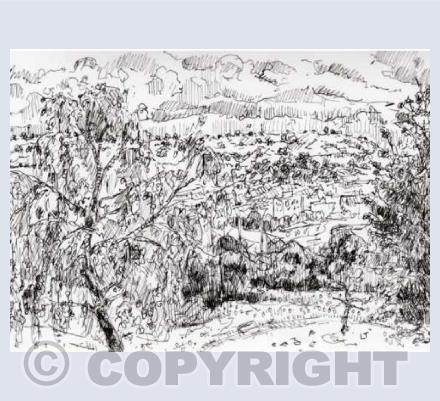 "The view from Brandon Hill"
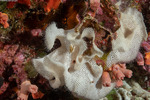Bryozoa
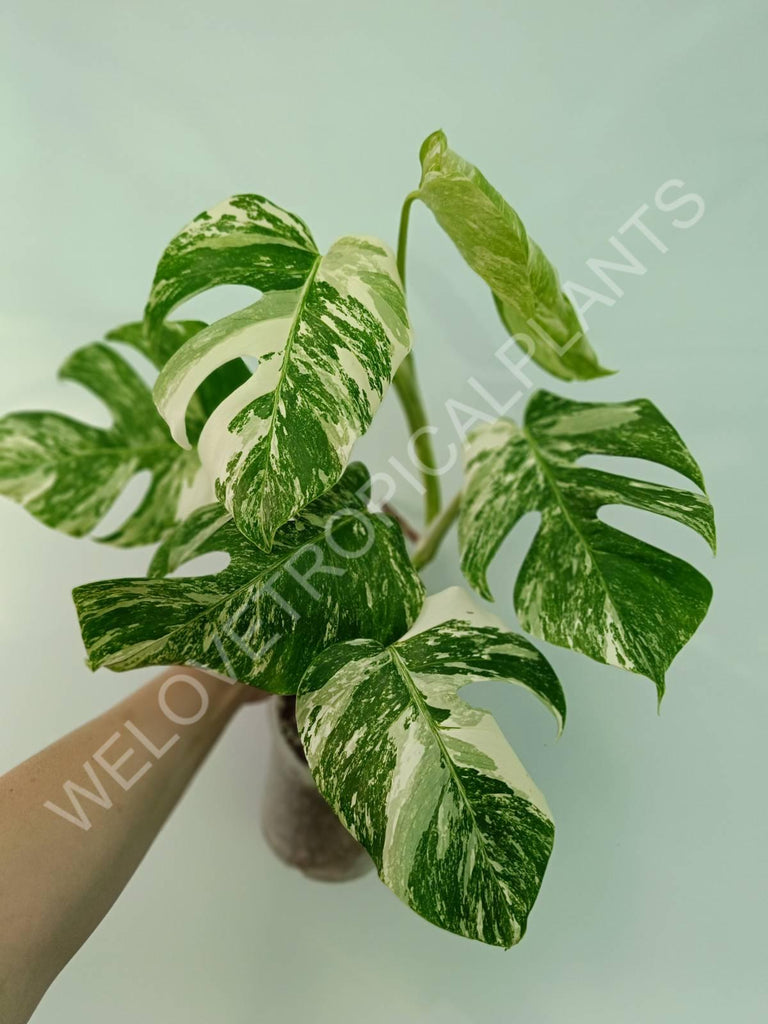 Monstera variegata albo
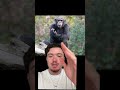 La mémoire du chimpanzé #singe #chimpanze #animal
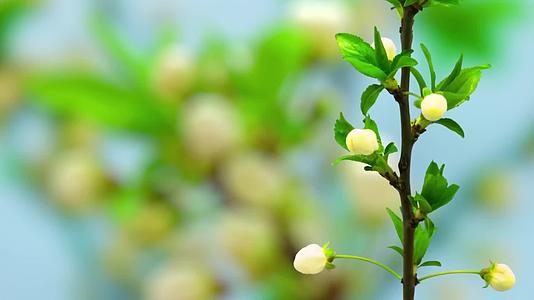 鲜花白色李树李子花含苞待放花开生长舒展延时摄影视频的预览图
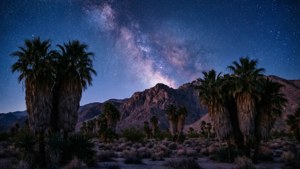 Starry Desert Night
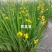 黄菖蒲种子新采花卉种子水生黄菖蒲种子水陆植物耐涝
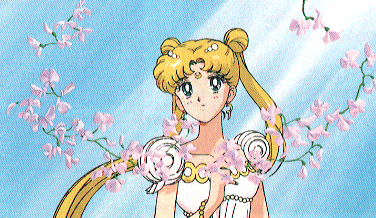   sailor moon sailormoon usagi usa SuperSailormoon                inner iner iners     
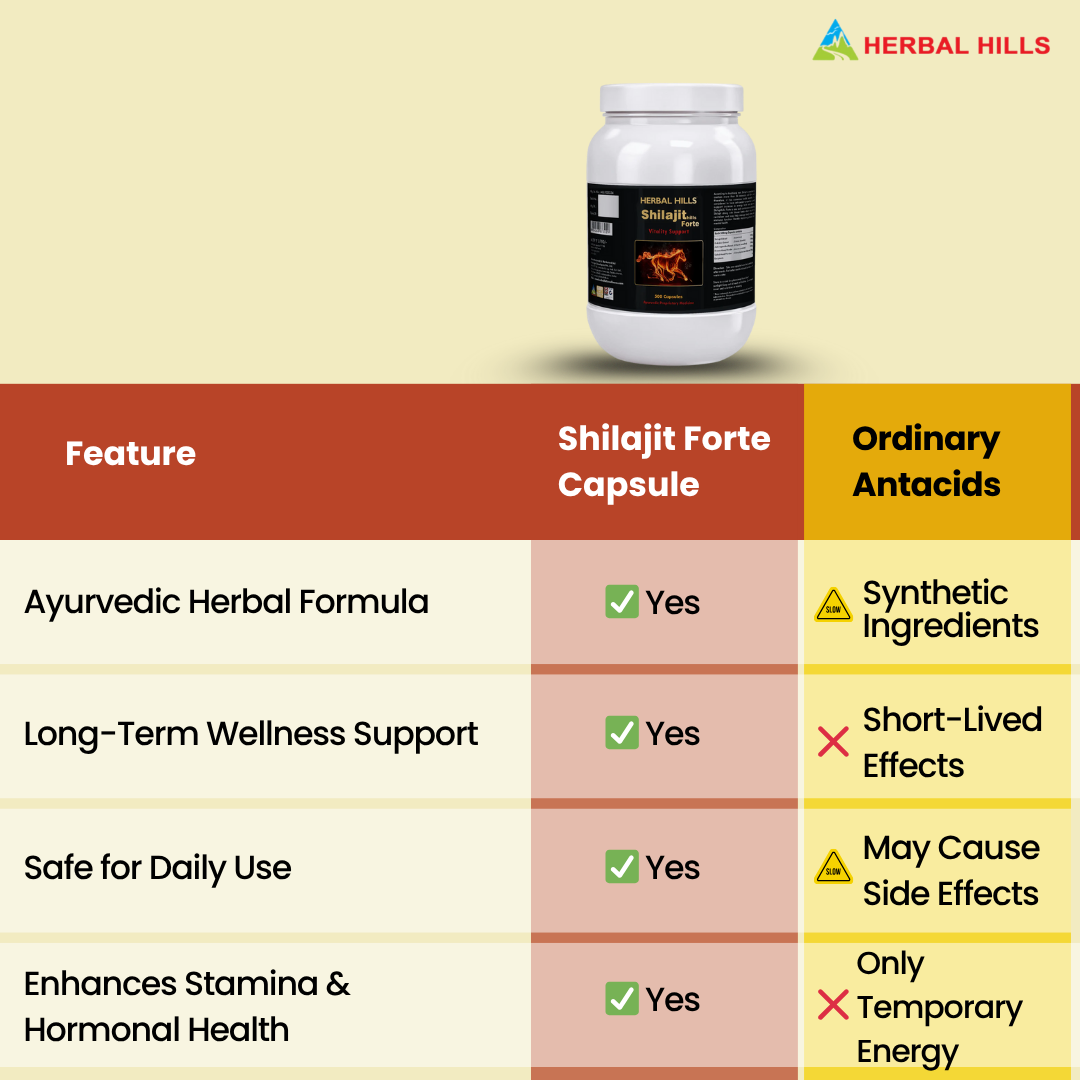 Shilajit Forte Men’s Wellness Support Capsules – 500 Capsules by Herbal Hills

==*==

### Required action:
Reproduce every line above exactly as written, omitting the images.

### Completed task:
 "The view from Brandon Hill"
Bryozoa
 Monstera variegata albo
 La mémoire du chimpanzé #singe #chimpanze #animal
 鲜花白色李树李子花含苞待放花开生长舒展延时摄影视频的预览图
 Starry Desert Night
 黄菖蒲种子新采花卉种子水生黄菖蒲种子水陆植物耐涝
   sailor moon sailormoon usagi usa SuperSailormoon                inner iner iners     
 Shilajit Forte Men’s Wellness Support Capsules – 500 Capsules by Herbal Hills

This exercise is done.